### Required action
The lines from the one containing "2016 Ford Escape" through the final line of the listing below are what the answer must repeat, exactly and only, leaving pictures out.
**** Raw data
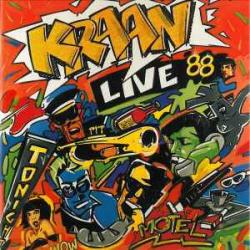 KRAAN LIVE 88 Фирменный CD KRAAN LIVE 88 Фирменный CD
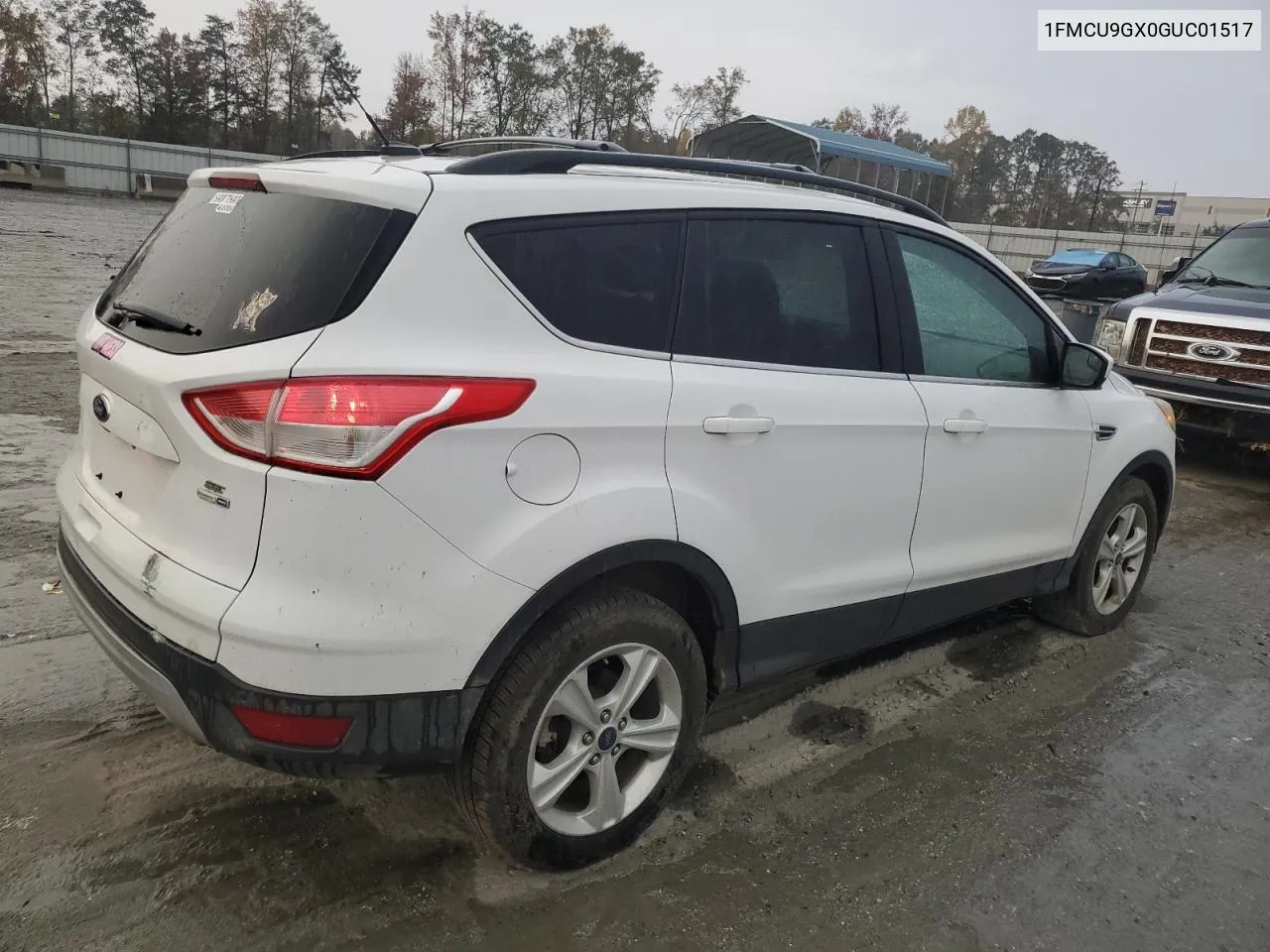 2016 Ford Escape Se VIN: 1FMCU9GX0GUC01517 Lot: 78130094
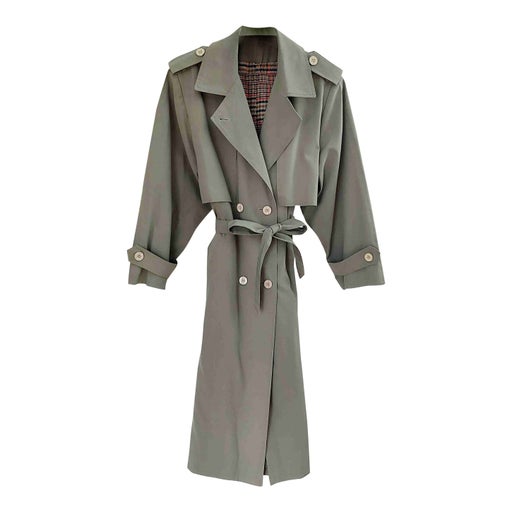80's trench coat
********
### Expected output
 2016 Ford Escape Se VIN: 1FMCU9GX0GUC01517 Lot: 78130094
80's trench coat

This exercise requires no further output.